Data extracts
-*-*-

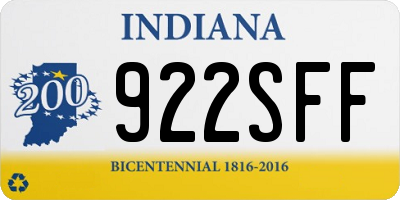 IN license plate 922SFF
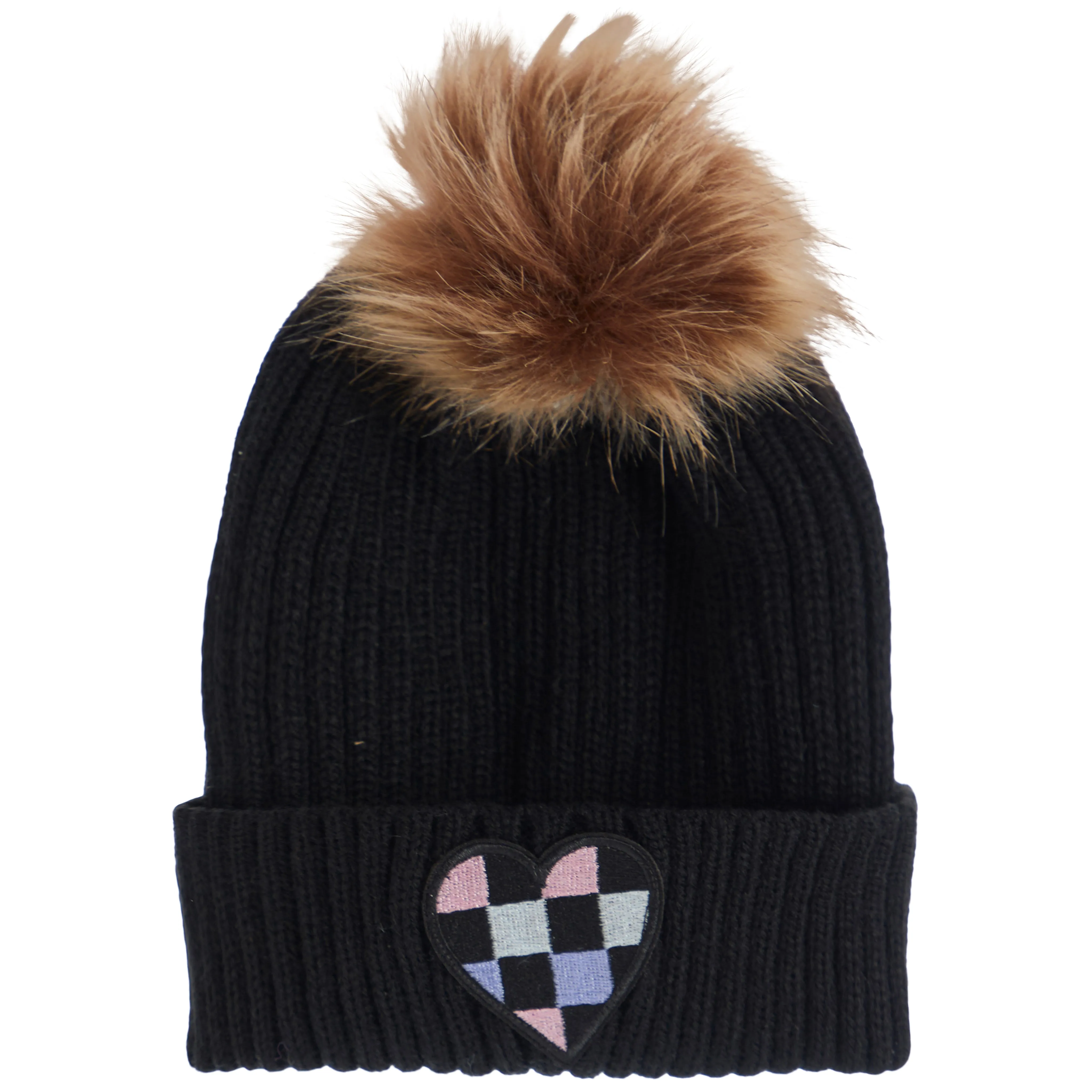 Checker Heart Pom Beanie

-*-*-

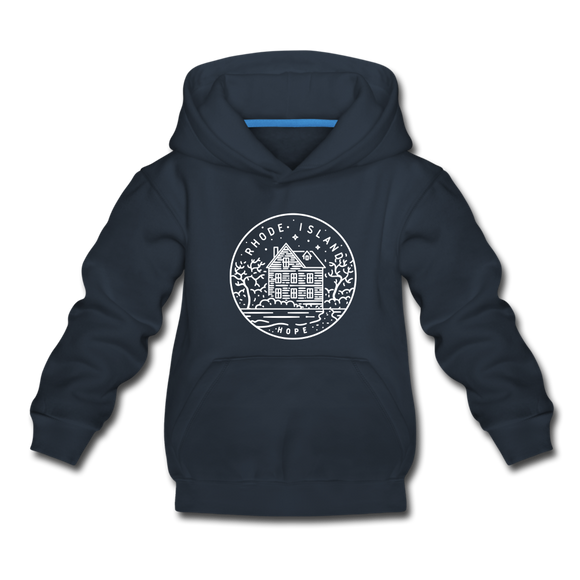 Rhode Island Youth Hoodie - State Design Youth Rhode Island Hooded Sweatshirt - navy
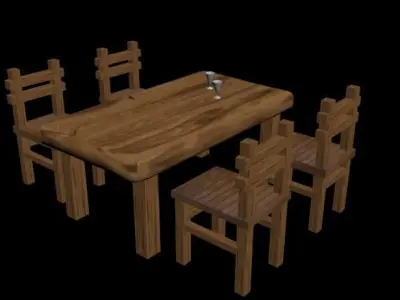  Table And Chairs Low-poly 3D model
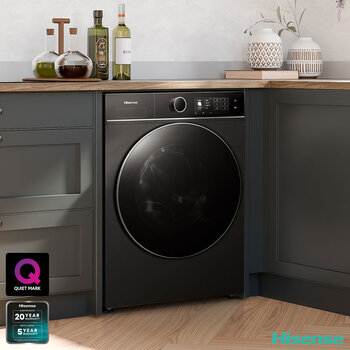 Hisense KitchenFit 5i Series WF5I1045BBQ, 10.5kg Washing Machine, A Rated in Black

-*-*-

About this exercise
Print an exact copy of the lines above, from the one containing "Table And Chairs Low-poly 3D model" through the one containing "Hisense KitchenFit 5i", and leave out the pictures.

Answer space
  Table And Chairs Low-poly 3D model
 Hisense KitchenFit 5i Series WF5I1045BBQ, 10.5kg Washing Machine, A Rated in Black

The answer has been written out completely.